The UK government has assumed an increasingly interventionist approach to foreign takeovers in recent years. In June 2018, the UK adopted new powers to review deals on national security grounds, extending the scope and breadth of its control regime. In July, the UK went a step further and published a White Paper on a new and significantly extended foreign investment notification regime, which likely will lead to wider and closer scrutiny of many transactions, including private equity deals.

The government’s jurisdiction over transactions is expanding with most areas of the economy within scope, new information-gathering powers, longer review periods, and stricter penalties for noncompliance. Changes could come into effect as early as next year, and deal teams must assess the implications for private equity deals.

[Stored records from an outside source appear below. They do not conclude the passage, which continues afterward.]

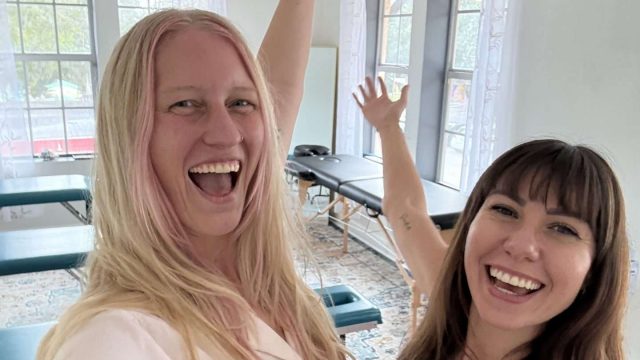 Two women, one blonde, one brunette, look happy inside a studio.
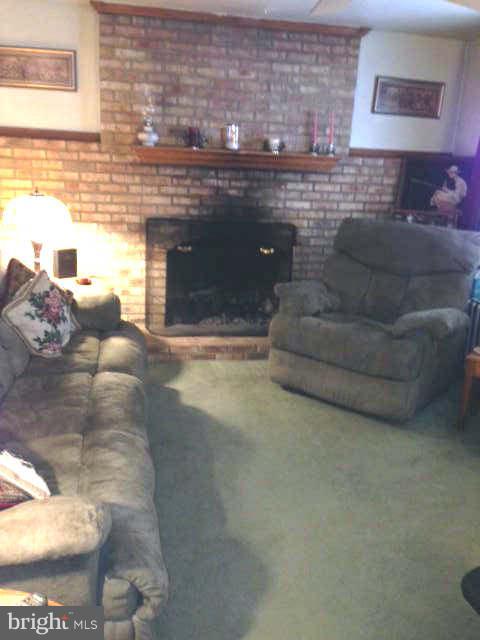 8286 Mission Road Jessup, MD 20794 - Photo 5 of 8 a living room with furniture and a fireplace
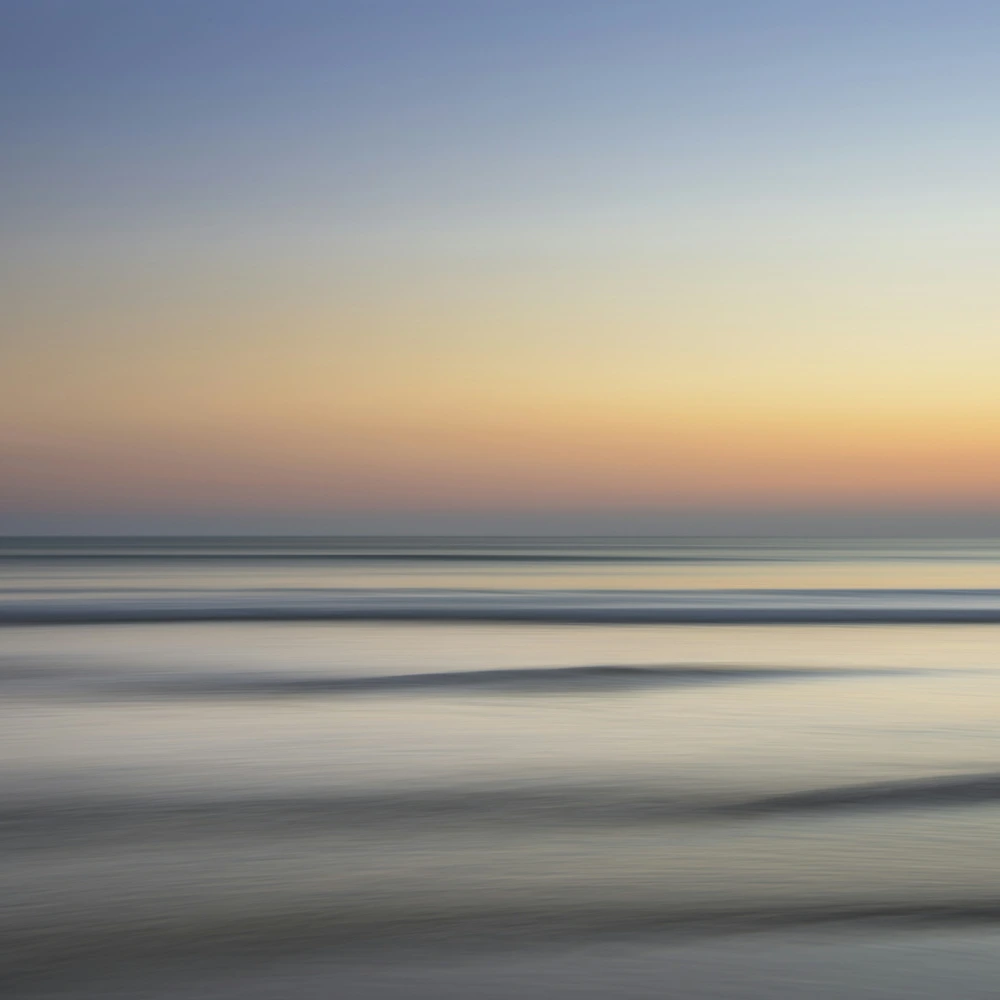 Calm sea at dawn, soft long-exposure water and a warm orange-to-blue sky at the horizon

National security review anticipated to catch more deals than current merger control regime

The new regime is intentionally broad and has the potential to catch almost all deals. Indeed, the government has made it clear that no sector is off limits. Energy, communications, transport, and nuclear likely will receive the most focus; however, national security concerns can arise in any deal.

The government anticipates reviewing up to 200 transactions per year under the new regime, with 100 full investigations, and 50 cases expected to lead to some form of remedy. In contrast, just eight transactions have been fully investigated on national security grounds since 2003, and the Competition and Markets Authority reviews around 60 to 65 deals annually under current UK merger control rules.

“Trigger events” sparking a review under the new regime include acquisitions, minority investments, property deals, contractual rights, and intellectual property transactions, with no threshold for government intervention. Furthermore, all investors, foreign or UK-based entities, are subject to the regime. While Chinese buyers have been a global focus, the new regime is more expansive — specific jurisdictions or closed deals that the government would have liked to prevent have not been published. However, the government must be considering other jurisdictions as a cause for concern — there have not been 50 Chinese deals in the UK raising national security concerns.

Further, if the government “calls in” a transaction, this automatically stops the deal from closing until approval is granted. Reviews can last up to 75 days, far longer than under the current regime. Penalties for non-compliance are severe, indicating how seriously the government is taking national security. Civil penalties — such as financial penalties (up to 5% of worldwide turnover) or director disqualification — can be imposed, while serious breaches can result in criminal penalties of up to five years’ imprisonment.

How should PE deal teams respond?

The new control regime raises unique concerns for PE firms. Limited partners in a PE fund currently fall under the regime’s scope, meaning sovereign wealth funds linked to foreign powers could be considered a national security threat in the context of a PE buyout. Limited partners that co-invest alongside a GP would also face scrutiny. PE firms should consider their investor base and co-investment partners as they approach deals in sensitive industries, and think about how they would react to an investigation. If national security issues are flagged or risks are identified, PE deal teams should consider additional closing conditions in deal documents.

The new regime likely will necessitate a bedding-in period and careful regulator navigation by legal counsel. Overall, dealmakers may prefer to pre-notify the regulator of contemplated deals, as they plan for life under the new regime.

In our view, the government views national security as a priority, given the numbers of deals discussed and the potential penalties. The changes could come into effect as early as next year, and deal teams must ensure investments and exits are compliant.